Jesse Jackson Jr. Breaks Ground in Peotone

The location is where he hopes construction for Chicago's third airport will begin

Congressman Jesse Jackson Jr. joined with pastors and community leaders on Saturday morning for a symbolic ground breaking at the location of where he hopes to build Chicago’s third airport.

“We're here today to plant a new and different seed -- an economic seed,” said Jackson at the ceremony. “ An economic seed that will create an airport, that will reap the immediate bounty of 1,000 jobs to build it; 15,000 more permanent jobs on opening day; and hundreds of thousands of new jobs over the next several decades.”

The symbolic ground breaking in Monee at 9 a.m. was a call of action for construction to begin on a project he has been promoting since taking office in 1995.

The project has been beset over the years by arguments over where to build the airport, opposition from major airlines and — most recently — a battle over who would control it. Jackson's Abraham Lincoln National Airport Commission, a grouping of 21 municipal governments in the Chicago area, is seeking the go-ahead from Governor Pat Quinn and says it has lined up $700 million in private funds and two developers.

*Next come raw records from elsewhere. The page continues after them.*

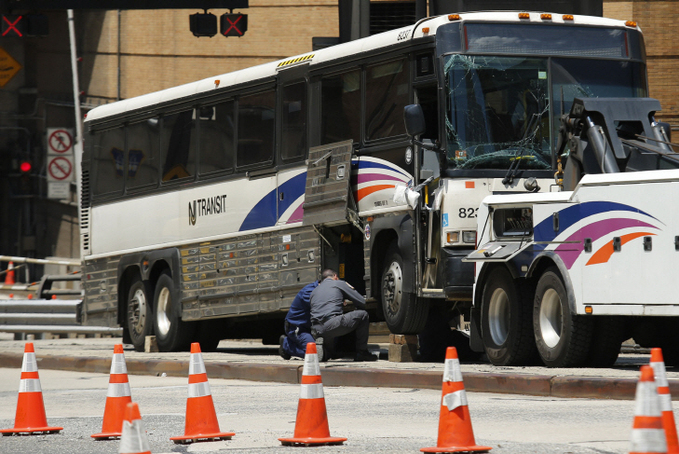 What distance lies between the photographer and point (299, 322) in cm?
1545

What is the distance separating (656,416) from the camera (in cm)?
451

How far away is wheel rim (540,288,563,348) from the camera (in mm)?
12188

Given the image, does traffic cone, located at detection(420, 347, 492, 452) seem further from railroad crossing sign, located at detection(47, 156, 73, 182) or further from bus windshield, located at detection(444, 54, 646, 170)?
railroad crossing sign, located at detection(47, 156, 73, 182)

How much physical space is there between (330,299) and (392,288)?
0.73 metres

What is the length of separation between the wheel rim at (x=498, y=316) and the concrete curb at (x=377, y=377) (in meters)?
1.21

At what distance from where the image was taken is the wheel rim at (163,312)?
1941cm

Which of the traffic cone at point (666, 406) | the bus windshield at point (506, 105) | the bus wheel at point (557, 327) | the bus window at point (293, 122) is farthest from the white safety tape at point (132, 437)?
the bus window at point (293, 122)

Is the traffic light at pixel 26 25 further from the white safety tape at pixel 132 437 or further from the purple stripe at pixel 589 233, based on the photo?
the white safety tape at pixel 132 437

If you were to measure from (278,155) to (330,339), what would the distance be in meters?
3.00

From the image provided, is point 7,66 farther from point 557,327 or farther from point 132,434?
point 132,434

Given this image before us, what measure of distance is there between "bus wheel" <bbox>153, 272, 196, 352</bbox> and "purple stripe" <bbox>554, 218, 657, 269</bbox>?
27.7 feet

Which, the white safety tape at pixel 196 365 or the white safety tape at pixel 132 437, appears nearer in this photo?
the white safety tape at pixel 132 437

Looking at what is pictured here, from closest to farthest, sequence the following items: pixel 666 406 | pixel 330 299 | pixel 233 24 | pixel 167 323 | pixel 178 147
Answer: pixel 666 406 < pixel 330 299 < pixel 178 147 < pixel 167 323 < pixel 233 24

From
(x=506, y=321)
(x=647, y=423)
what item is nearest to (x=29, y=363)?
(x=506, y=321) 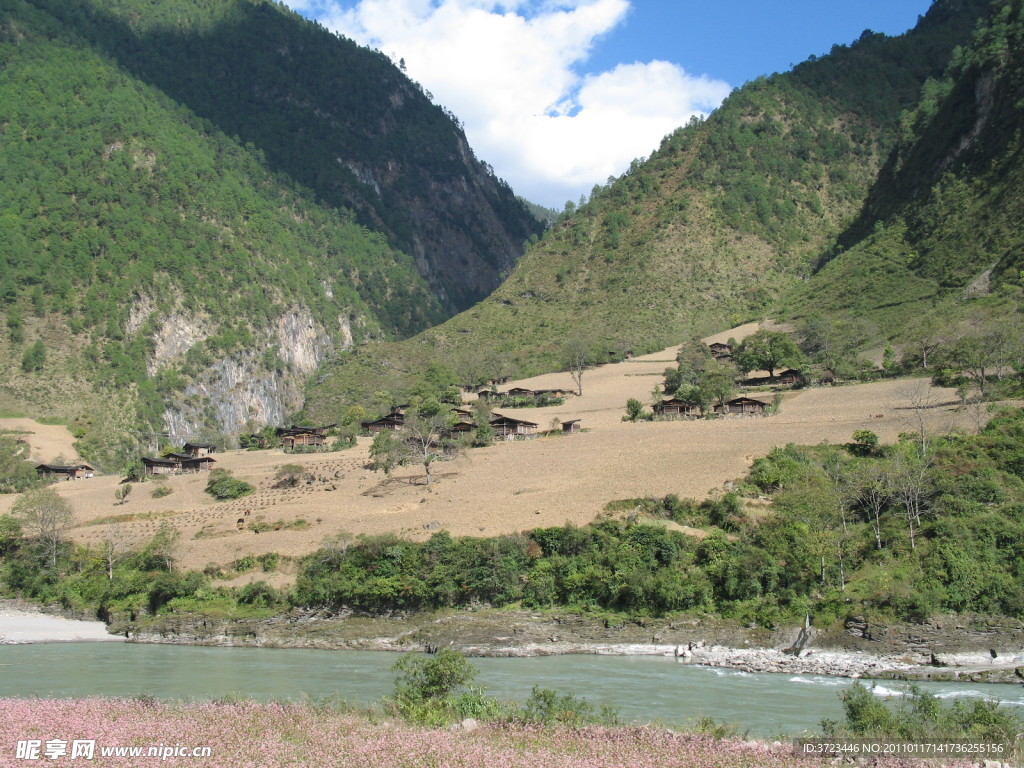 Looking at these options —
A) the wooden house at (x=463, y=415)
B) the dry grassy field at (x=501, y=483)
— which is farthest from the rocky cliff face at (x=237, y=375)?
the dry grassy field at (x=501, y=483)

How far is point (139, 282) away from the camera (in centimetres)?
15988

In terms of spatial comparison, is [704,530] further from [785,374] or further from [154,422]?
[154,422]

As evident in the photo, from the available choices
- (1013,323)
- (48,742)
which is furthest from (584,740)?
(1013,323)

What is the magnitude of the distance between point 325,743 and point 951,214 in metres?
109

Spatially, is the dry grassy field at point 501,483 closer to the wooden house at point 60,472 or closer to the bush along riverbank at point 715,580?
the bush along riverbank at point 715,580

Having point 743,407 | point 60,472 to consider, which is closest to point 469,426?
point 743,407

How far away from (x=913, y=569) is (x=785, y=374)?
168ft

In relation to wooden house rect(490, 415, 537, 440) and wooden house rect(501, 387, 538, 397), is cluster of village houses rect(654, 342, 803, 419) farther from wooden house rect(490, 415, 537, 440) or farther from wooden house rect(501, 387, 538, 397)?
wooden house rect(501, 387, 538, 397)

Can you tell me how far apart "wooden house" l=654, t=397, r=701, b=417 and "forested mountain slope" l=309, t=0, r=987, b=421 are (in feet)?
129

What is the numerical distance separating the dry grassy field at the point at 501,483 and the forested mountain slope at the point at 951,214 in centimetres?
2568

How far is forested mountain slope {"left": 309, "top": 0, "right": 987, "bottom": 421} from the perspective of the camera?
456 feet

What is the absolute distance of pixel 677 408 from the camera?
81.3m

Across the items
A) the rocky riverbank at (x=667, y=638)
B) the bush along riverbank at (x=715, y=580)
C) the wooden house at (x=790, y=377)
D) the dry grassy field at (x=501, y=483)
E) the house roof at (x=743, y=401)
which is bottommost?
the rocky riverbank at (x=667, y=638)

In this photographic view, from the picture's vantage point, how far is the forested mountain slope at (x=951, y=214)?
94.2m
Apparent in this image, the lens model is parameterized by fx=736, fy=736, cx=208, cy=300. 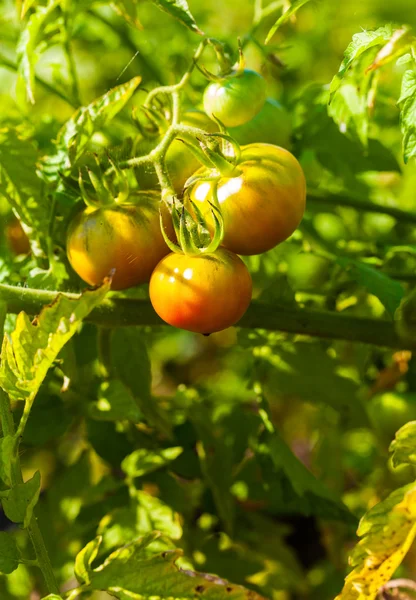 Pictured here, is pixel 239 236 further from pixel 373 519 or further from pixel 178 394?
pixel 178 394

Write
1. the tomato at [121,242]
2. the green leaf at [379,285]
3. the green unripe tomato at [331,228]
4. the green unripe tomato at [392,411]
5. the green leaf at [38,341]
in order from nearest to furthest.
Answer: the green leaf at [38,341], the tomato at [121,242], the green leaf at [379,285], the green unripe tomato at [392,411], the green unripe tomato at [331,228]

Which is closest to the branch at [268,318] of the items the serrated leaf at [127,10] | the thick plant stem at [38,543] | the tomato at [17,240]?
the thick plant stem at [38,543]

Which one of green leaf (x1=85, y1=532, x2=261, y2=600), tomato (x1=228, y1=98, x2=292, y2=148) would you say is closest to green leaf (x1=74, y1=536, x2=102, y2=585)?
green leaf (x1=85, y1=532, x2=261, y2=600)

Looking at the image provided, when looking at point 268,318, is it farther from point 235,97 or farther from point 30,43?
point 30,43

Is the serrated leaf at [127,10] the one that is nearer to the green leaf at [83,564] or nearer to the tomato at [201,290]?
the tomato at [201,290]

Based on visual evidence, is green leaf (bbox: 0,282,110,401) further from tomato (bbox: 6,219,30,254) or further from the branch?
tomato (bbox: 6,219,30,254)

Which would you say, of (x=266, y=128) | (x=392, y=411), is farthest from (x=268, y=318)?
(x=392, y=411)

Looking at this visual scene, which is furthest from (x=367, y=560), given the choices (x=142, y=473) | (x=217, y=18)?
(x=217, y=18) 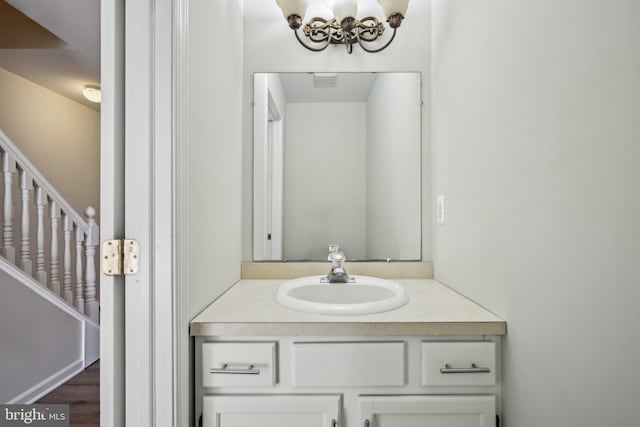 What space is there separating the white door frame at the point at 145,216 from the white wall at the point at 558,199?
0.91 m

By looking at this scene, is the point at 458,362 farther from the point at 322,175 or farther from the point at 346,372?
the point at 322,175

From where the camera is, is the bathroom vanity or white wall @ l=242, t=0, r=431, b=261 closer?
the bathroom vanity

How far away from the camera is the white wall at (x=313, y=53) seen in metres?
1.51

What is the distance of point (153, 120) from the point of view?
794 millimetres

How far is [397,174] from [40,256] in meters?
2.49

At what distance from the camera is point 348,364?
2.89ft

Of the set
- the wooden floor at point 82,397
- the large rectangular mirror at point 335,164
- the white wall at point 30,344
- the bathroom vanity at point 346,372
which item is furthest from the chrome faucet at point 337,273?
the white wall at point 30,344

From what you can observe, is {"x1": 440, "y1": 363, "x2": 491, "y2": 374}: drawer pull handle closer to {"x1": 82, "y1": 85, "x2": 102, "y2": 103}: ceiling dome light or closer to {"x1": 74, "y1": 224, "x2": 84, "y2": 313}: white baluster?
{"x1": 74, "y1": 224, "x2": 84, "y2": 313}: white baluster

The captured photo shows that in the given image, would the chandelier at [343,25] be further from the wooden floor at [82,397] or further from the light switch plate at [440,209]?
the wooden floor at [82,397]

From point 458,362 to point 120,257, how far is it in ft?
3.20

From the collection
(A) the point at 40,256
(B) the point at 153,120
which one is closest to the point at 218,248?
(B) the point at 153,120

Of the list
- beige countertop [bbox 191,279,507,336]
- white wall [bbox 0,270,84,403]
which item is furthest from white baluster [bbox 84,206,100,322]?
beige countertop [bbox 191,279,507,336]

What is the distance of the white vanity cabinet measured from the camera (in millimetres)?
873

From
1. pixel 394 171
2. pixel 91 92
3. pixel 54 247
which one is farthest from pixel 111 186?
pixel 91 92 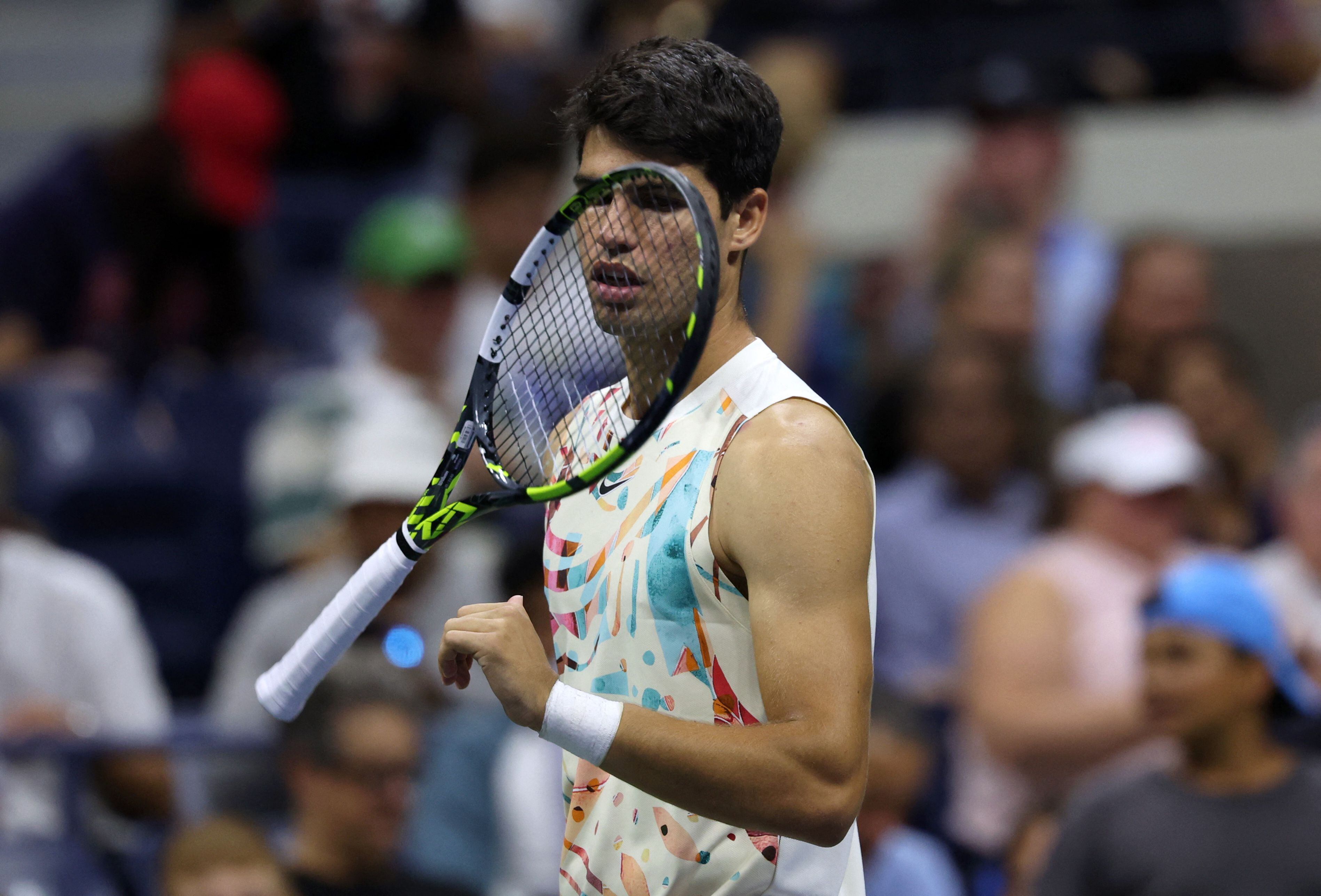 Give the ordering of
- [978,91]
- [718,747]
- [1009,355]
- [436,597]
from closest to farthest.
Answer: [718,747] < [436,597] < [1009,355] < [978,91]

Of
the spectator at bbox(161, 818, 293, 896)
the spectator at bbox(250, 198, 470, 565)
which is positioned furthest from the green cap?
the spectator at bbox(161, 818, 293, 896)

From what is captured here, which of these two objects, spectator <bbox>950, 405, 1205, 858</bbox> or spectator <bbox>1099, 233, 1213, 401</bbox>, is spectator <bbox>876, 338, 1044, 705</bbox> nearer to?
spectator <bbox>950, 405, 1205, 858</bbox>

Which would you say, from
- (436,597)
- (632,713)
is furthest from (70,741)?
(632,713)

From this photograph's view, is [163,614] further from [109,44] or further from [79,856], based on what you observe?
[109,44]

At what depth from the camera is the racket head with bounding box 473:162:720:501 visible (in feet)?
7.18

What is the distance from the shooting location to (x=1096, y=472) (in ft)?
18.2

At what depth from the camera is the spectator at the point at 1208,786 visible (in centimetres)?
430

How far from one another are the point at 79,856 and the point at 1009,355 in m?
3.39

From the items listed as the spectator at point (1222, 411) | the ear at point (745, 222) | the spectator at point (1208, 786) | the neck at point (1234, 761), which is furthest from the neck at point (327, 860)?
the spectator at point (1222, 411)

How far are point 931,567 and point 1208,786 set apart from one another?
4.58 ft

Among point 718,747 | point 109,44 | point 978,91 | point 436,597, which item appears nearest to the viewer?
point 718,747

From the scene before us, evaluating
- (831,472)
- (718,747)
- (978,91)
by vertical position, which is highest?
(831,472)

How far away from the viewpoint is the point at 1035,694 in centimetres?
512

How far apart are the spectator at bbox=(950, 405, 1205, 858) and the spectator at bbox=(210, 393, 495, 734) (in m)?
1.42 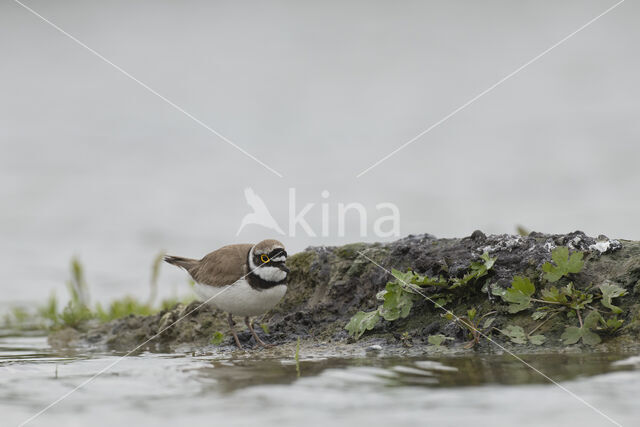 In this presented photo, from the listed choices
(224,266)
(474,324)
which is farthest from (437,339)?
(224,266)

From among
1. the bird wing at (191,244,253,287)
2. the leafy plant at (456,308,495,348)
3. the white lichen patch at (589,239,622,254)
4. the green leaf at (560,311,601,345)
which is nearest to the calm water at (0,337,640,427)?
the green leaf at (560,311,601,345)

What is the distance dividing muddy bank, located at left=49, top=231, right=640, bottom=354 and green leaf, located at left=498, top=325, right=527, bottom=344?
0.15 ft

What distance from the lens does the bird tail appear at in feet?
30.7

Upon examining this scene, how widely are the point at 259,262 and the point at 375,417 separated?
420 cm

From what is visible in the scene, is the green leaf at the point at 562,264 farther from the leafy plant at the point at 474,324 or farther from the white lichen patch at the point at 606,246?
the leafy plant at the point at 474,324

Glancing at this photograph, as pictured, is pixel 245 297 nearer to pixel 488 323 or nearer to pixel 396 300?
pixel 396 300

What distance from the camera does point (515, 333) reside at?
648 centimetres

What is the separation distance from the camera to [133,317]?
10.7 meters

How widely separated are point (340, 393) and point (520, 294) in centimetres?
267

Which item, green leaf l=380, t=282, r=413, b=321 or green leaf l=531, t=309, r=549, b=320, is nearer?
green leaf l=531, t=309, r=549, b=320

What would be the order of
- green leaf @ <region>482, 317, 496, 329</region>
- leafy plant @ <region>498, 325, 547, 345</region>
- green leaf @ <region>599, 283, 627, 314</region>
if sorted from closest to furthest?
green leaf @ <region>599, 283, 627, 314</region>, leafy plant @ <region>498, 325, 547, 345</region>, green leaf @ <region>482, 317, 496, 329</region>

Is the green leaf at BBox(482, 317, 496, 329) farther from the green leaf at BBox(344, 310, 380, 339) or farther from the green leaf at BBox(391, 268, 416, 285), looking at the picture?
the green leaf at BBox(344, 310, 380, 339)

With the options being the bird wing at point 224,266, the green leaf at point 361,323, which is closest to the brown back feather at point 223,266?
the bird wing at point 224,266

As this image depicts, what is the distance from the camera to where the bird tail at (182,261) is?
30.7 feet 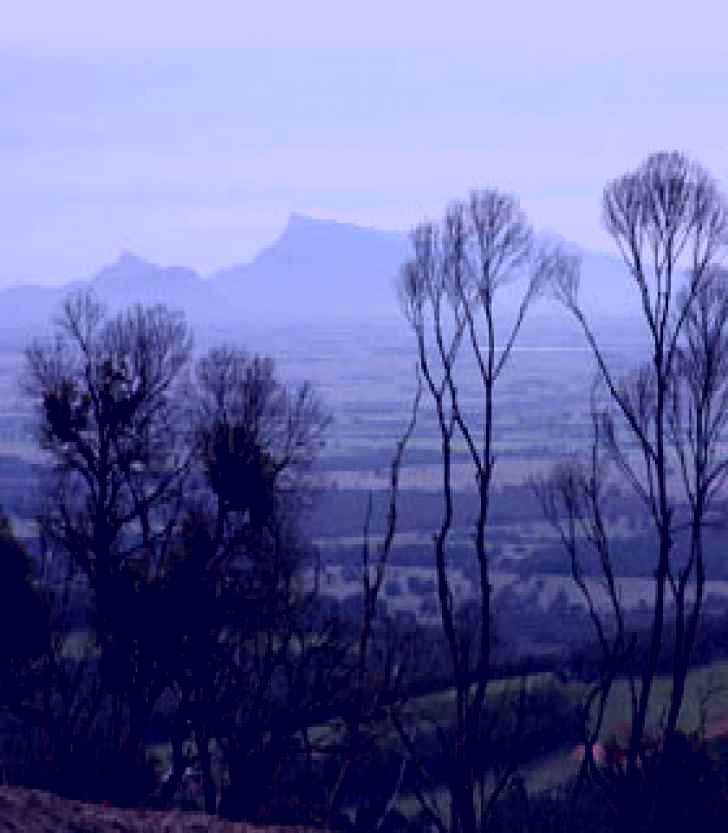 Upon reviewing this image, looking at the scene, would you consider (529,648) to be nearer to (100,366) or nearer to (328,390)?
(100,366)

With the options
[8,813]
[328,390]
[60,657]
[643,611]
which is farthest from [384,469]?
[8,813]

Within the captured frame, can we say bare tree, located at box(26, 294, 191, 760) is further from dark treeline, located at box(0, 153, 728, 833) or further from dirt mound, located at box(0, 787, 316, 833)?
dirt mound, located at box(0, 787, 316, 833)

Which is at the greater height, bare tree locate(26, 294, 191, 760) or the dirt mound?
bare tree locate(26, 294, 191, 760)

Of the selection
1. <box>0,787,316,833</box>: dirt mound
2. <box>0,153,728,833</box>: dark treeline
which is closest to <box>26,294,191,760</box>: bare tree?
<box>0,153,728,833</box>: dark treeline

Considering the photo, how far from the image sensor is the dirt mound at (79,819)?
914 centimetres

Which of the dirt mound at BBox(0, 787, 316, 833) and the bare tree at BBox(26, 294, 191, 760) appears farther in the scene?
the bare tree at BBox(26, 294, 191, 760)

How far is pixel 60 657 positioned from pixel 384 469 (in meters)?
44.5

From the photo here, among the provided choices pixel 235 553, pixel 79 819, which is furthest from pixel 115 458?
pixel 79 819

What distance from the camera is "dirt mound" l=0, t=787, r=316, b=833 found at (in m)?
9.14

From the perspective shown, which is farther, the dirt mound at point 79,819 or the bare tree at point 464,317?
the bare tree at point 464,317

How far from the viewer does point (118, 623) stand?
1523 centimetres

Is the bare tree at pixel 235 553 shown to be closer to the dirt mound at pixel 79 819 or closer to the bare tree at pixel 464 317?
the bare tree at pixel 464 317

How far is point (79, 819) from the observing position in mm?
9359

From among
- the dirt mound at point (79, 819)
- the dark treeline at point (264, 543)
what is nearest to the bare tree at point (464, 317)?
the dark treeline at point (264, 543) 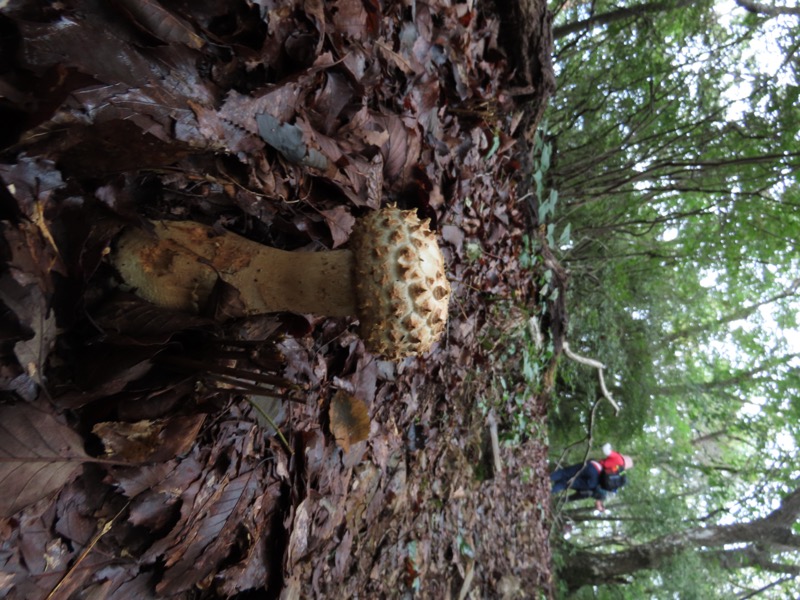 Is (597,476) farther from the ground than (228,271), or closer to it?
closer to it

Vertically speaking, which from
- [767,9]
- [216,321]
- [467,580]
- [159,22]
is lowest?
[467,580]

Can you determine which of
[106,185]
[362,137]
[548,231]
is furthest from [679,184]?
[106,185]

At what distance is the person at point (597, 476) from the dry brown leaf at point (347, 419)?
4.79m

On Thursday, United Continental Holdings Inc. CEO and Chairman Jeff Smisek spoke to the City Club of Chicago  and said "there's no demand" for a third airport. He said any benefits from a proposed third Chicago-area airport near Peotone would damage O'Hare International Airport. Smisek also says it's more important to modernize air traffic control systems at O'Hare rather than add runways.

Jackson says the airport would be built at no cost to taxpayers or airlines and would decrease fares by increasing competition, in addition to creating jobs.

Earlier this month, the Illinois Department of Transportation began clearing trees from the proposed site. Some of the local residents charged the tree cutting as IDOT's latest tactic in an ongoing campaign to intimidate locals near the proposed airport site on West Eagle Lake Road.

In March, Quinn threw his support behind building a third airport and pledged $100 million in state funds to buy land in Will County.